I am using an Arduino board right now with two dials - one controls length of time open and the second controls the duration between openings. I would like to simplify the design and just use a square signal generator that has buttons to adjust duty cycle. I hacked together my first iteration. Would this be possible? If so, what parts would I need to make it work?

• Reprogram the Arduino to use buttons. Alternatively, program a different microcontroller to use buttons as controls and generate the signal.
– JRE
Commented May 10, 2022 at 14:19
• In my opinion, simplest circuit is 555 generator with duty cycle controlled by potentiometer. It's output goes to gate of MOSFET, which controls solenoid. Exact solution depends on your target, could you specify it? Commented May 10, 2022 at 15:22

Whatever you're controlling the system with, what matters is the signal the reaches the controlled object. It doesn't matter what and how generates it. Depending on what device you're using and what kind of frequencies you need. I take it, arduino frequencies are no problem, so we're at something low and easily accessible.
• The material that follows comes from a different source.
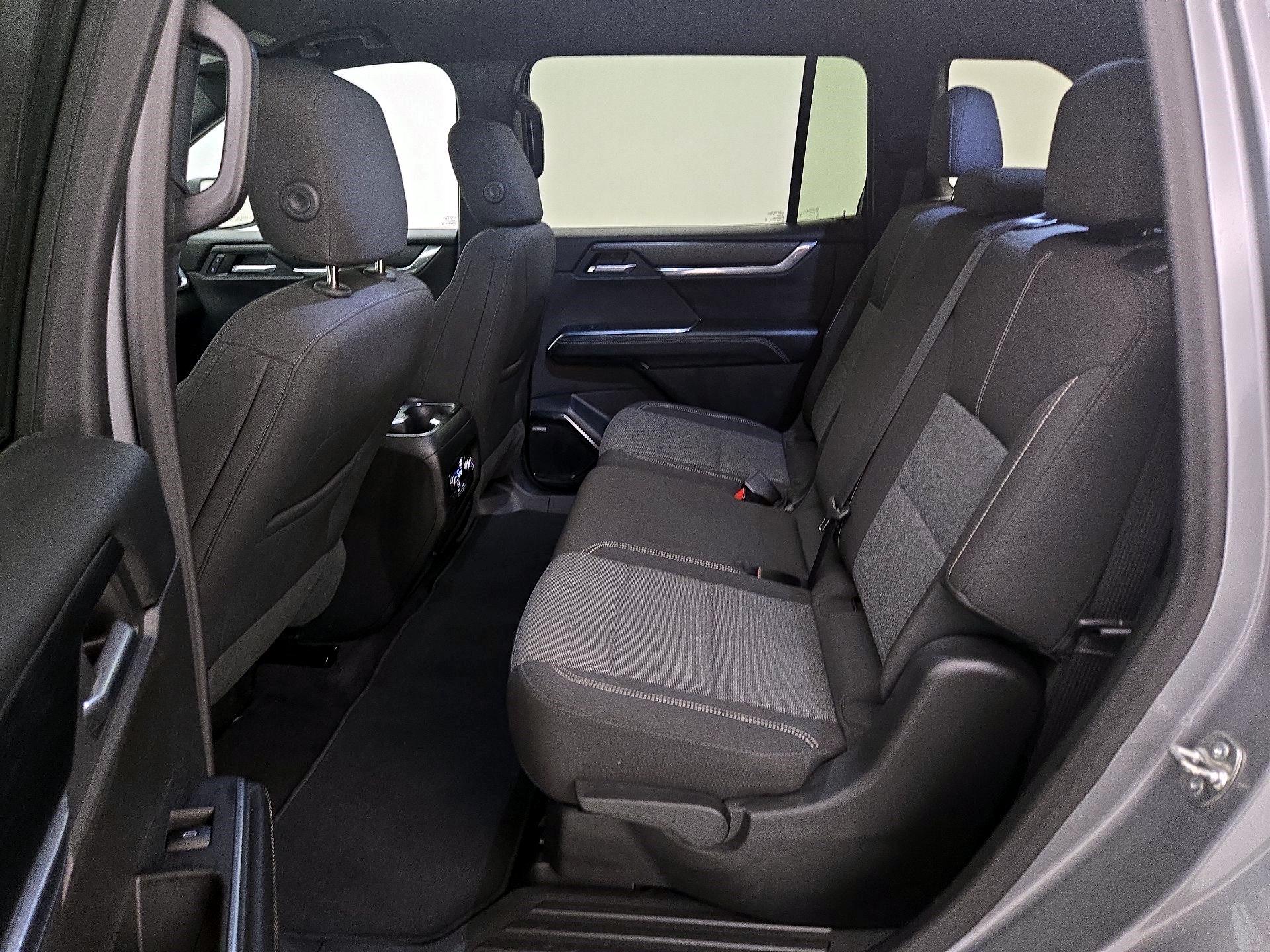 Thumbnail: 2025 GMC Acadia - 20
Can you do it with a some square wave generator? Yes. But the problem is in controlling it. How precise can/should it be? Do you have to have dials or will potentiometers do? Or are they too inaccurate (in part due to your hand turning it inaccurately)?

I suggest improved Arduino approach first. Use Atmega328's timers. Two of them, in fact.

You can pick timer counter frequency by setting a prescaler from system clock, then you can set its compare value to such that you have a specific length of your cycle (full cycle). Maximum value (255) should correspond to the longest period of your output waveform that you will ever need (or be larger). Anyway, once the timer counter reaches the compare value, it will generate an interrupt. For example, there is an 8-bit timer with 256 values (0-255), you can set it to 0-255 to decide how long your entire period of output will be.

Example: timer's prescaler is, say, 16. So at 16MHz system clock, timer's clock is 1MHz, and whenever it reaches compare value of, say, 100, it triggers an interrupt. Timer counter goes up every 1us (1MHz timer clock), 100 counts will generate an interrupt. We have just created a regular interrupt every 100us. Set prescaler to value that would satisfy your needs.

Anyway, when the timer generates an interrupt, it toggles the pin and kicks off another timer.

The second timer is supposed to have smaller compare value (or, rather, interrupt period time, if prescaler is different) than the first one. Once it fires an interrupt, it stops and resets itself and togges the output pin.

I've drawn a picture of what I mean:

It may look like a complicated solution at first, but it's a good place to look deeper into how timers work, it's not all THAT compicated, check the datasheet section about timers.

I quickly glanced through the datasheet, I don't think atmega328's timers can work in master/slave configuration, so my solution seems the only relatively reasonable.

As for changing the values, external interrupts are all your friends. Change timer 1 compare value to control the period of the output wave, change compare vaoue of timer 2 to control output low time (in my example)

This solution should have enough accuracy for your purpose. All pin toggle execution delays should be offset in toggle it up and toggle it down, so overall error should be small unless you go close to maximum possible ouput frequencies (still worth checking of course).

• wow! I will digest this and play around. thank you!